Tutto ha inizio quando la procura di Napoli, due anni fa circa, ipotizzando legami con tutti i dirigenti di RFI, esegue perquisizioni in case ed uffici di alcuni “signori” in particolare che si rivelano poi, infatti, consulenti occulti dell’imprenditore Schiavone. Corrotti per favorirgli l’assegnazione degli appalti.
Ma chi è Nicola Schiavone? I suoi legami con la camorra sono accertati?
Il suo difensore, Giovanni Esposito Fariello, ai microfoni del programma Rai afferma che contro queste ipotesi vi sono sentenze, accertamenti giudiziari e provvedimenti penali nei quali è stata “dimostrata” e esclusa l’appartenenza delinquenziale di N. Schiavone.
Lui stesso nega tutto, eppure un altro Nicola Schiavone, figlio di Francesco Schiavone detto “Sandokan”, (attualmente il boss più importante del clan dei Casalesi) il quale oramai da anni collabora con la giustizia, afferma che il personaggio sopra citato sia il suo padrino e che sia lui che il fratello, cioè Vincenzo Schiavone, hanno eccome legami con la sua famiglia.
Inoltre, da un’intercettazione successiva al processo Spartacus, (svoltosi in Italia dal 1998 al 2010, anno in cui è stata emessa la sentenza della Cassazione e condotto principalmente a carico di membri del clan camorristico del clan dei Casalesi, tra cui il boss Sandokan) emerge che, durante il colloquio al 41 Bis di Parma tra Sandokan e sua figlia Angela, proprio lui fa il nome di Nicola e raccomanda alla figlia di fare riferimento all’imprenditore per qualsiasi necessità economica.
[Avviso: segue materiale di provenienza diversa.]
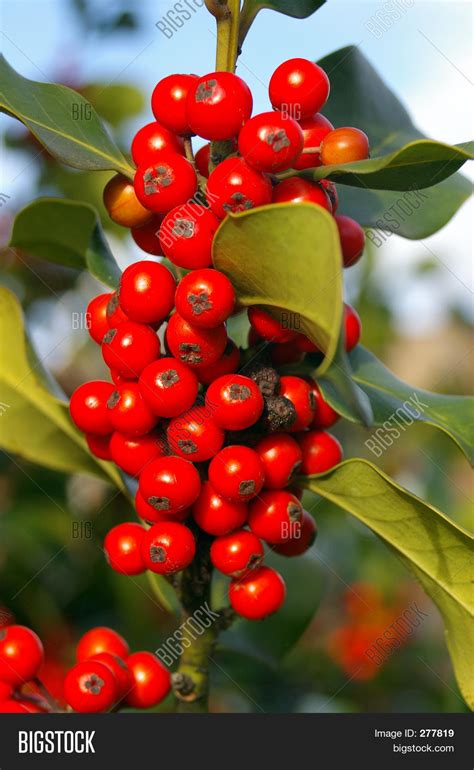 Holly Berries 01 Image & Photo (Free Trial) | Bigstock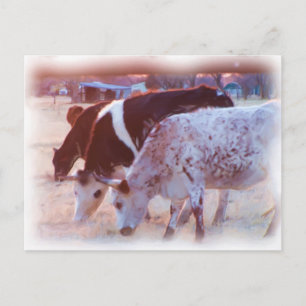 no bull postcard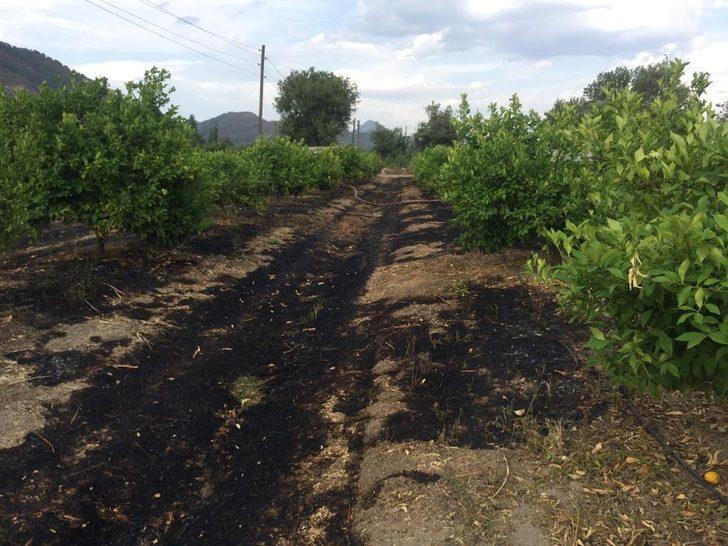 Muğla'da tarım arazisi ve otluk alanda çıkan yangınlar söndürüldü G3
Ancora, dalle affermazioni del figlio di Sandokan risulta che i rapporti fra Nicola Schiavone e il clan sono continui; a dimostrazione di ciò vi è il fatto che lo stesso imprenditore avrebbe mostrato interesse per le vicende giudiziarie della sua famiglia.
Secondo gli inquirenti “Nicola Schiavone risulta essere il dominus di una serie di imprese a lui non direttamente riconducibili”, come il Consorzio Imprefer, intestate a terzi ma da lui controllate e gestite.
La risposta a tutto ciò degli avvocati è sempre la stessa: negare, poiché di fatto non vi sono accertamenti in merito e lui è stato completamente assolto.
Visti i trascorsi storici tra criminalità organizzata e il settore ferroviario, possiamo concludere che le preoccupazioni delle Istituzioni siano ben fondate? Sarà compito dello Stato, attraverso tutte le sue articolazioni, vigilare sul corretto utilizzo dei fondi provenienti dall’Europa per poter finalmente risolvere quei gravi problemi strutturali che specie al Sud impediscono la fruizione di un servizio essenziale quale quello del trasporto su rotaie.
Adesso è l’ora che si arricchisca il Paese, perché opportunità del genere sanno tanto di “treni che passano una volta sola”.